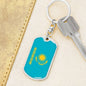 Kazakhstan Flag Keychain Dog Tag Stainless Steel or 18k Gold-Express Your Love Gifts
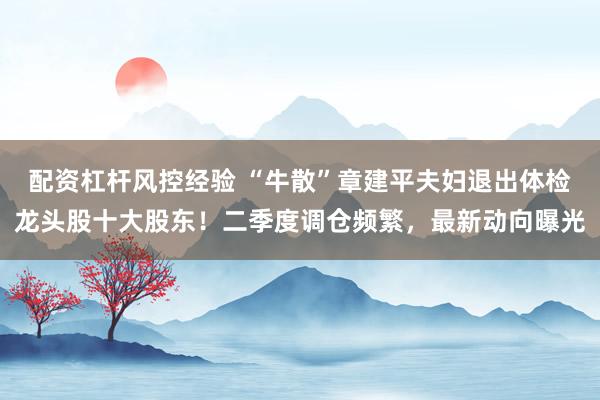 配资杠杆风控经验 “牛散”章建平夫妇退出体检龙头股十大股东！二季度调仓频繁，最新动向曝光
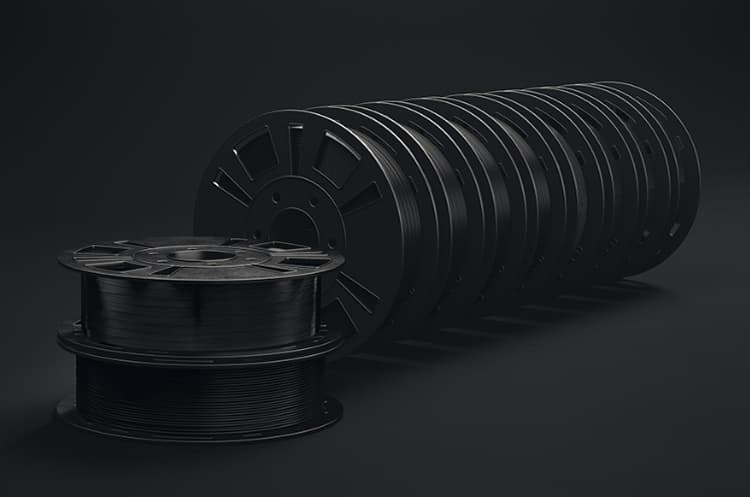 The Fiber™ materials library is categorized by family—or thermoplastic material. Our current library features three material families: Nylon (PA6), PEEK, and PEKK. Within each family are a breadth of fiber-reinforced filaments and μAFP tapes.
========
Action item
I'd like the material above repeated exactly, with the pictures omitted.

Result of the task
 Kazakhstan Flag Keychain Dog Tag Stainless Steel or 18k Gold-Express Your Love Gifts
 配资杠杆风控经验 “牛散”章建平夫妇退出体检龙头股十大股东！二季度调仓频繁，最新动向曝光
 The Fiber™ materials library is categorized by family—or thermoplastic material. Our current library features three material families: Nylon (PA6), PEEK, and PEKK. Within each family are a breadth of fiber-reinforced filaments and μAFP tapes.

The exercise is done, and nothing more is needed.